Permaculture Designers Manual
CHAPTER 4 – PATTERN UNDERSTANDING
Section 4.5 –
Boundary Conditions in Permaculture
Boundaries are commonplace in nature. Media are variously liquid, gaseous, or solid, in various states of now or movement. They have very different inherent characteristics, such as relatively hotter, more acid, rough, harder, more absorbent, less perforated, darker, and so on. Even in abstract terms, society divides itself in terms of sex, age, culture, language, belief, disciplines, and color (just to enumerate a few perceived differences).
In this confusion of definitions, social and physical, we can make one statement with certainty. People discriminate (in its true meaning, of detecting a difference) between a great many media or systems, and therefore recognize boundary conditions or “sorts”, enabling them to define like and unlike materials or groups in terms of a large number of specific criteria. Differences, whether in nature or society, set up a potential STRESS CONDITION. This may demonstrate itself as media boundary disturbances, friction, shear, or turbulence caused by movement, sometimes violent chemical reactions, powerful diffusion forces, or social disruption. Seldom do two different systems come in contact without a boundary reaction of one sort or another, as quiet as rust, as noisy as political debate, or as lethal as war. If we concentrate our attention on the boundary condition, there are, crudely, two common or possible motions or particle flows – ALONG or ACROSS boundaries. In longitudinal flows (shear lines) between media, deflections and turbulence may be caused by local friction or the more cosmic Coriolus (spin) force. In crossing a boundary between media, the surfaces themselves may resist invaders (chemical or social); or various nets, sieves, or criteria may have to be bypassed by a potential invader.
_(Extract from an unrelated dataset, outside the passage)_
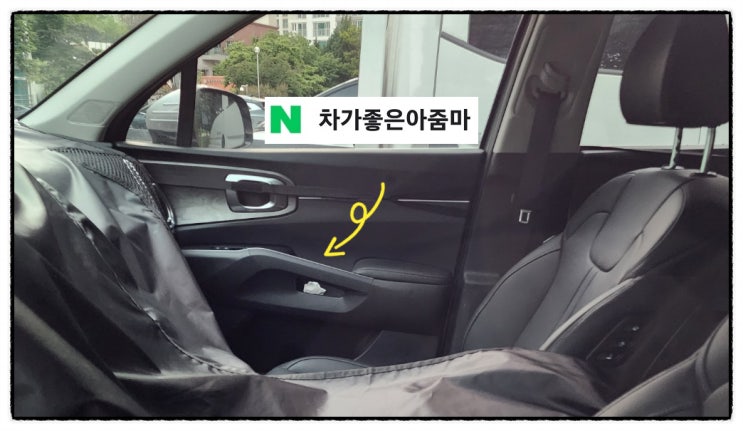  신형 쏘렌토 MQ4 페이스리프트 실내 후면 디자인 출시일 가격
However, these boundaries are, in nature, often very rich places for organisms to locate, for at least these reasons: Particles may naturally accumulate or deposit there (the boundary itself acts as a net or blockade). Special or unique niches are available in space or time within the boundary area itself. The resources of the two (or more) media systems are available at the boundary or nearby. Special physical, social, or chemical conditions exist on the boundary, because of the reaction between the adjacent media. As all boundary conditions have some fuzzy depth, they constitute a third media (the media of the boundary zone itself). This last statement is especially true of diffusive or flowing media, and of turbulent effects. Turbulence in effect creates a mix of the two or more media, which may itself, form another recognizable medium (e.g. loam on water, an emulsion of oil and water).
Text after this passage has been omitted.